First fee for insider trading in NFT

NFTs refer to unique digital assets that cannot be replaced or copied. Unlike cryptocurrency, which is fungible and therefore can be replaced by another object of the same nature and quality, an NFT is not fungible with another NFT. Each NFT is unique, like a work of art. These assets are accompanied by metadata, i.e. information related to a digital document, which acts as a certificate of authenticity and makes it possible to confirm their identity.

First arrest for insider trading

Nathaniel Chastain is the former Product Manager at Ozone Networks (OpenSea), the largest online marketplace for buying and selling NFTs. He is accused of using confidential information about NFTs to be presented on OpenSea’s homepage to enrich himself.

As part of his job, Nathaniel Chastain was responsible for selecting the NFTs to be published on the OpenSea website. Their price increased significantly after their publication, drawing a lot of attention from the site’s users. Nathaniel Chastain is accused of buying dozens of NFTs shortly before they were posted on his employer’s website, and then selling them for a profit.

What sets this case apart is the fact that it is the first domestic trading fee related to NFTs, relatively new digital assets. Despite the novelty of the object sold, the essence of the charge remains the same, as insider trading is not new. In Quebec, the term “insider” defines, among others, directors or officers of a company, as well as persons who have obtained privileged information in the course of their work and their commercial or professional activities.

In the context of Quebec, according to Securities Law as well as the regulations in force, these persons cannot trade on the basis of privileged information, i.e. any information not yet known to the public and which could influence the decision of a reasonable investor.

A brief history of NFTs

Despite their popularity, NFTs are often misunderstood.
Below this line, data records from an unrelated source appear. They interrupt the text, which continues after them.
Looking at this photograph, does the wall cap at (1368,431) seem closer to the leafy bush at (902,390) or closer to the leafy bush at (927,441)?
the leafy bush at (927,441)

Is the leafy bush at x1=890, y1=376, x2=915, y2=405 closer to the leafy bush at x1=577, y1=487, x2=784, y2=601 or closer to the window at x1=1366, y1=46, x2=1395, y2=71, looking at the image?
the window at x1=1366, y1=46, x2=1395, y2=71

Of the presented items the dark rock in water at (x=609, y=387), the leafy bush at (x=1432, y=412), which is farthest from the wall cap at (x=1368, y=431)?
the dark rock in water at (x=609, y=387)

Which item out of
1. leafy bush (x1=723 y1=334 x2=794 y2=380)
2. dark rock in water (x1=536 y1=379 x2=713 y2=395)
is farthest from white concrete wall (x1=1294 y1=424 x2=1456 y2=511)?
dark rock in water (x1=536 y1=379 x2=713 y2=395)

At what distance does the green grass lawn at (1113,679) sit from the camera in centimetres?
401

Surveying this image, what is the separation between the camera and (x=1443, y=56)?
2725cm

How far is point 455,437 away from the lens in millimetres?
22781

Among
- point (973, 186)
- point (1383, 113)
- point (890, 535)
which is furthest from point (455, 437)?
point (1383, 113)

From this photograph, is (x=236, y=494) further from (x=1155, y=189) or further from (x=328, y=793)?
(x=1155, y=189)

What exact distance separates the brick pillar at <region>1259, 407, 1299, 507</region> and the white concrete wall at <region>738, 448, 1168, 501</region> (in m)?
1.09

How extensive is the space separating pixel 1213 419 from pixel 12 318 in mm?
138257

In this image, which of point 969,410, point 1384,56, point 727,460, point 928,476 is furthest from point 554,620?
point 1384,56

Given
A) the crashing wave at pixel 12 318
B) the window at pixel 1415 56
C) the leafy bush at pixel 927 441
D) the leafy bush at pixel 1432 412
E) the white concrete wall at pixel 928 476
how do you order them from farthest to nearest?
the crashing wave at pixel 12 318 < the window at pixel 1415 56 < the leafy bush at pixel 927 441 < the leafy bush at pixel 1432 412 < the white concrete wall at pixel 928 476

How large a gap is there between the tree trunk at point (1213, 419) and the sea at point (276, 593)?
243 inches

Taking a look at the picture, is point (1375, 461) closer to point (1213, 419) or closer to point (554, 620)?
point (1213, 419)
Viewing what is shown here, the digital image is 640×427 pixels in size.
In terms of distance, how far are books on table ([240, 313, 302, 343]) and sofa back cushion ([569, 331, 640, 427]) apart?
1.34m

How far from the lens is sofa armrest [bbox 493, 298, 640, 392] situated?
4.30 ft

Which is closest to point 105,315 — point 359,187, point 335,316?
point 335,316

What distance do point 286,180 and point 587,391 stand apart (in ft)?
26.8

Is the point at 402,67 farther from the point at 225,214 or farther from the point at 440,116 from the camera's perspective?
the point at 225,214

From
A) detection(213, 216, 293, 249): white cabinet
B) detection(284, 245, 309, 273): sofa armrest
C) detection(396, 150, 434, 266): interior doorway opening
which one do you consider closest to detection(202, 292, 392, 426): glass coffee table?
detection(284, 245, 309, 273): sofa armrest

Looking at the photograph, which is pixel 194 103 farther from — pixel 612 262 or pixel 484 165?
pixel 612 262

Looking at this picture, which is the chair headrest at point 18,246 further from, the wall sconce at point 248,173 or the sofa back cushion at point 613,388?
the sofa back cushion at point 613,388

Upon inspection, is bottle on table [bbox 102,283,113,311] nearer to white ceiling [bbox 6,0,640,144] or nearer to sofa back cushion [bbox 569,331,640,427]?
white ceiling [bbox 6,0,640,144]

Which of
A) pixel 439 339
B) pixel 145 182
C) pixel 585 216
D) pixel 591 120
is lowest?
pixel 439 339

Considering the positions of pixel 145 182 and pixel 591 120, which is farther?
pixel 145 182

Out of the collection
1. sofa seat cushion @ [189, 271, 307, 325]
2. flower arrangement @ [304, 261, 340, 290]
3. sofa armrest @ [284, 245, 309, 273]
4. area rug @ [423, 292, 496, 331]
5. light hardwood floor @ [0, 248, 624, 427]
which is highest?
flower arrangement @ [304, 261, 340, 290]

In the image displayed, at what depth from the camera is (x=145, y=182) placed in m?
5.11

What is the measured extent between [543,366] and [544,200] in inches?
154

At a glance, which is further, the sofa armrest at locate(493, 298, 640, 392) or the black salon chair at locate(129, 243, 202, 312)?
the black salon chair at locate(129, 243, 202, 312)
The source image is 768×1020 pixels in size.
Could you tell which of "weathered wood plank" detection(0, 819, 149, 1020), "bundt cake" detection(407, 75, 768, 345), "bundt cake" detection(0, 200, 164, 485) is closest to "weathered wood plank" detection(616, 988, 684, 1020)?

They became popular with the general public in the late 2010s, especially through online games that caused a stir on the Internet. A great example is CryptoKitties, which allows players to buy, sell and breed virtual cats. Between November 28, 2017, when the game was revealed, and December 7, 2017, more than $8.5 million was spent on the platform to purchase 53,000 virtual cats.[1].
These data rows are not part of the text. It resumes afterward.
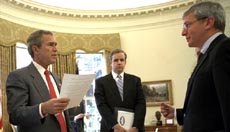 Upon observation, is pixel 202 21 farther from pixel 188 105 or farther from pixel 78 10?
pixel 78 10

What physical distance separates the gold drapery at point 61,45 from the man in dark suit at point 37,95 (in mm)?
5494

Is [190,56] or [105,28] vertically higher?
[105,28]

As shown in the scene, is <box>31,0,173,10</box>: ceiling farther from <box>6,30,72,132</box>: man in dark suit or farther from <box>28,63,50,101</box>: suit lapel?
<box>28,63,50,101</box>: suit lapel

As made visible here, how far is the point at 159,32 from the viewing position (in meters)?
10.6

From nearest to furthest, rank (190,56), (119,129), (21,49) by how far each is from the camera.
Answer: (119,129) → (21,49) → (190,56)

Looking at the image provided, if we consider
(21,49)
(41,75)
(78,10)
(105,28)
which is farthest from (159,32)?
(41,75)

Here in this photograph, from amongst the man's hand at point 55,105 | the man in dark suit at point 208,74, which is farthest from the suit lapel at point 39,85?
the man in dark suit at point 208,74

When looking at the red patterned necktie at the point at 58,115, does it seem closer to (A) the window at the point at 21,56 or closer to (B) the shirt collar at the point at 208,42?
(B) the shirt collar at the point at 208,42

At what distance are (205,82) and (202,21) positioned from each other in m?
0.46

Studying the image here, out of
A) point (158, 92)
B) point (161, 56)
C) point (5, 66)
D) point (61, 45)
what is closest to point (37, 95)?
point (5, 66)

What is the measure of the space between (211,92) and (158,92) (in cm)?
811

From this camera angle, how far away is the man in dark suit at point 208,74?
1985 mm

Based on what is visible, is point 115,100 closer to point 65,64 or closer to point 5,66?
point 5,66

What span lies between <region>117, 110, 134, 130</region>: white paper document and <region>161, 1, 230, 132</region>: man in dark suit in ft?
4.87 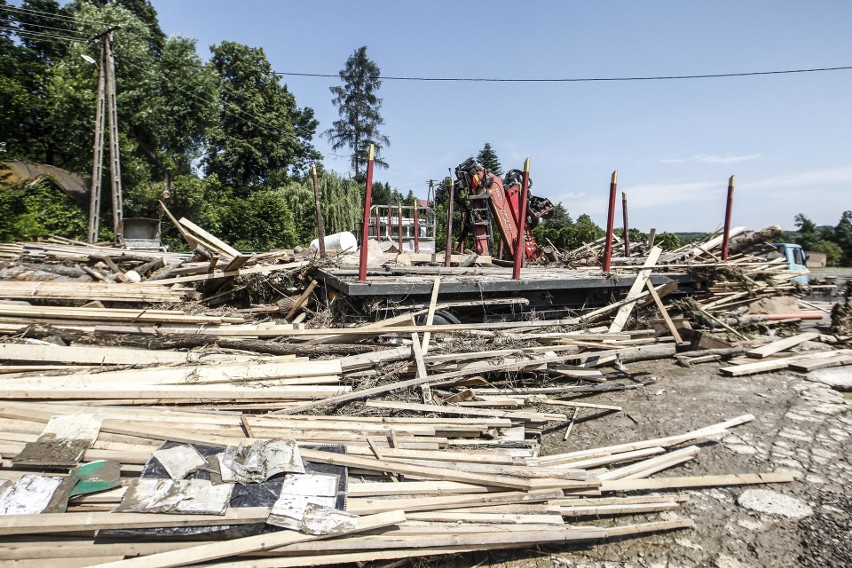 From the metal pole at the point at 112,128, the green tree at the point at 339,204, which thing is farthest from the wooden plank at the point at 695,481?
the green tree at the point at 339,204

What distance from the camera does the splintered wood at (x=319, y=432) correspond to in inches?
88.6

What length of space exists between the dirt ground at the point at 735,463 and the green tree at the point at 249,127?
34334 mm

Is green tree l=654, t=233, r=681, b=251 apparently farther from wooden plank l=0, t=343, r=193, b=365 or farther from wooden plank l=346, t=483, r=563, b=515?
wooden plank l=0, t=343, r=193, b=365

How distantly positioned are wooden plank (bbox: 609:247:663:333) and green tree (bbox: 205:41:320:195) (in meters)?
32.2

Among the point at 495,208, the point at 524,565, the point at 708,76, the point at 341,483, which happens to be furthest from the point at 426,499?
the point at 708,76

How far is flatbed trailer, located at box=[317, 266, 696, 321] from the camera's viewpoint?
5.66 m

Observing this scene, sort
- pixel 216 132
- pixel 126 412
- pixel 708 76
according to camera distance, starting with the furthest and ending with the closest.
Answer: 1. pixel 216 132
2. pixel 708 76
3. pixel 126 412

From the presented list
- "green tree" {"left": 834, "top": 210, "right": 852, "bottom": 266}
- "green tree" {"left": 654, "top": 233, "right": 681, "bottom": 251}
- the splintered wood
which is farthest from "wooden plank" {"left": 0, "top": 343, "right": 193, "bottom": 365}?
"green tree" {"left": 834, "top": 210, "right": 852, "bottom": 266}

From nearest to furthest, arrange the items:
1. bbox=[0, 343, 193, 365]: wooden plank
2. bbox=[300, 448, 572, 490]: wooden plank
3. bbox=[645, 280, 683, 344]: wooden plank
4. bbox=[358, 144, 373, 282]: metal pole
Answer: bbox=[300, 448, 572, 490]: wooden plank < bbox=[0, 343, 193, 365]: wooden plank < bbox=[358, 144, 373, 282]: metal pole < bbox=[645, 280, 683, 344]: wooden plank

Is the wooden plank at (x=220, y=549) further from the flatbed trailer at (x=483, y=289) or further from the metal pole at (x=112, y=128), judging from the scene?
the metal pole at (x=112, y=128)

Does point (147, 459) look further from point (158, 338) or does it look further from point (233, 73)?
point (233, 73)

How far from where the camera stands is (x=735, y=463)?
3.67 metres

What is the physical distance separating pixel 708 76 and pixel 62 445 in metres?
17.2

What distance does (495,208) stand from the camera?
32.3 ft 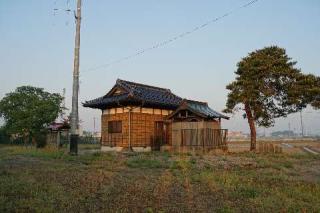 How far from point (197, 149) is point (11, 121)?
83.3 feet

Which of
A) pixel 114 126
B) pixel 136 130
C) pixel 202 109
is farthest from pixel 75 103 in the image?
pixel 202 109

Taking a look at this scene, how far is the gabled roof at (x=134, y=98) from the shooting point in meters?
23.4

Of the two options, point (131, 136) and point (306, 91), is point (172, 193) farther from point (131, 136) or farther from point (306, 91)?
point (306, 91)

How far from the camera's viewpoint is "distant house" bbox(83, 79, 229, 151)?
22750mm

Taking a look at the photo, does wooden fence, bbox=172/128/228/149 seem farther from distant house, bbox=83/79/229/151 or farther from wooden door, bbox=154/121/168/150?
wooden door, bbox=154/121/168/150

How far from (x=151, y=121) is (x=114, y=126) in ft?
9.50

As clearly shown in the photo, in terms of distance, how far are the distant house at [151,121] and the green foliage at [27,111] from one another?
13.3 m

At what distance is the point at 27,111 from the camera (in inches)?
1451

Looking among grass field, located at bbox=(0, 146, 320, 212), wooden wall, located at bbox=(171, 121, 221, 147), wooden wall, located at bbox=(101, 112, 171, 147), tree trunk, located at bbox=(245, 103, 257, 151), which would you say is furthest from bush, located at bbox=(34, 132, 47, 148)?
grass field, located at bbox=(0, 146, 320, 212)

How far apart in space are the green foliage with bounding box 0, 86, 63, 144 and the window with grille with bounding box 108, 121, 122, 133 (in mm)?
14028

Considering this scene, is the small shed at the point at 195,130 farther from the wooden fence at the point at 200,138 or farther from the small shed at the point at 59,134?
the small shed at the point at 59,134

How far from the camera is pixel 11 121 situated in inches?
1492

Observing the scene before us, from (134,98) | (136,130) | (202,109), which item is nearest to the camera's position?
(134,98)

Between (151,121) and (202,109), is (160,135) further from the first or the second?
(202,109) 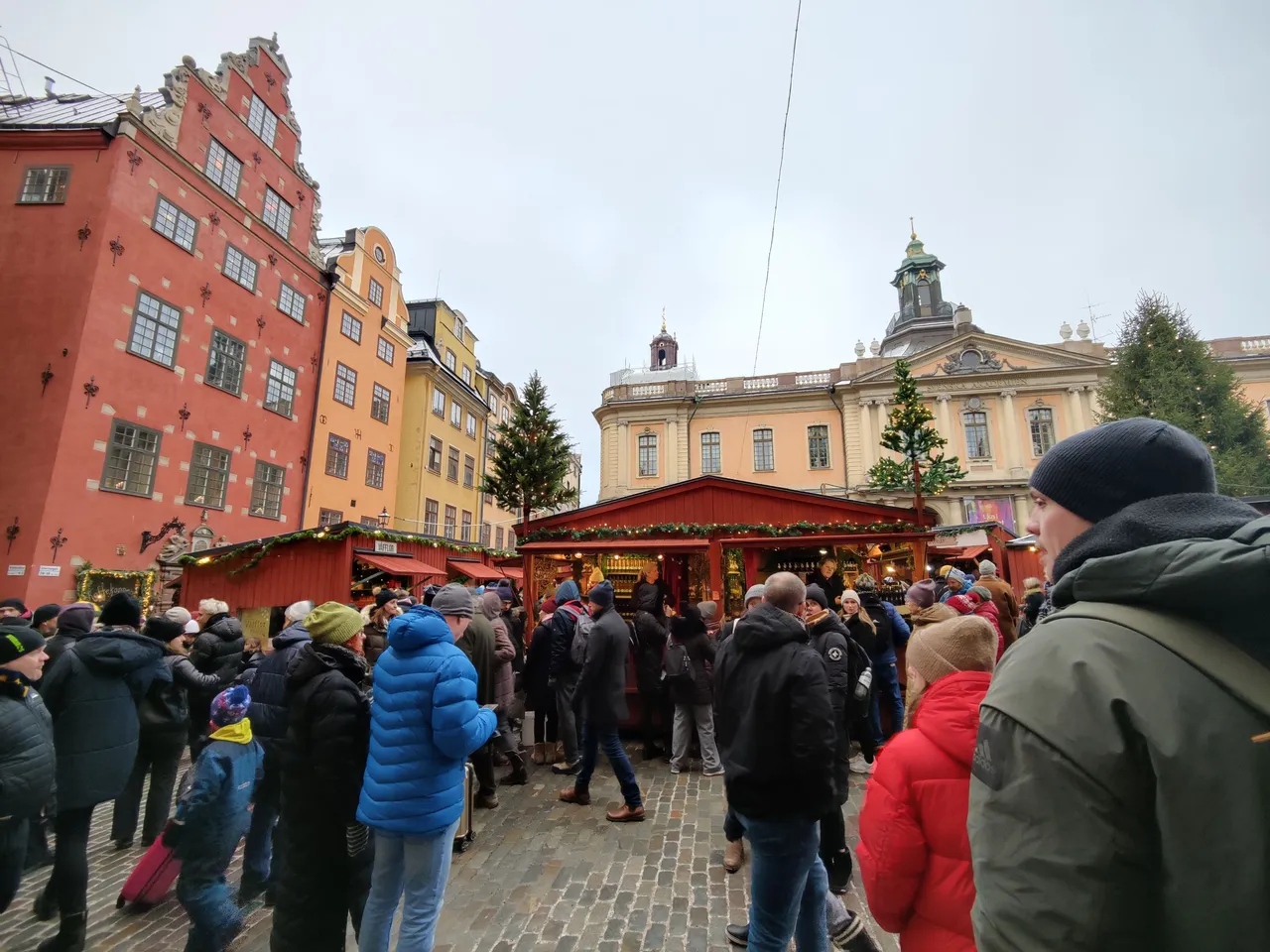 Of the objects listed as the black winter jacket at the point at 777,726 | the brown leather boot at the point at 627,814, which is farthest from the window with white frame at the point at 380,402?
the black winter jacket at the point at 777,726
These virtual assets are stored in a blockchain (blockchain in English) which acts as a decentralized ledger containing information, especially about the transactions that have taken place in relation to this asset. An NFT is typically associated with a digital object, such as a digital artwork, and provides proof of ownership of that object. It can also serve as a digital representation of a physical asset.

The future of regulation

As with many other emerging technologies, it remains to be seen whether lawmakers will adopt more appropriate regulatory frameworks for NFTs. To maintain investor confidence in the market, it is essential to regulate insider trading. Insiders now more than ever need to be aware of the rules that apply to insider trading. The development of new products and products, although technologically innovative, is subject to the same legal rules, as shown by the misfortunes of Nathaniel Chastain.

Julie-Martine Loranger is a lawyer emeritus, partner at McCarthy Tétrault SENCRL, srl, with the collaboration of Me Kevin Pinkoski and Nicole Andreina Camacho Chiodi, articulation student. This article does not constitute legal advice.

[1] Sara Castellanos, “Ethereum Network Faces Surge in Activity as Virtual Kitten Game Goes Viral,” The Wall Street Journal (Dec. 7, 2017) online: -with -surge-of-activity-as-virtual-kitten-game-goes-viral-1,512,679,353.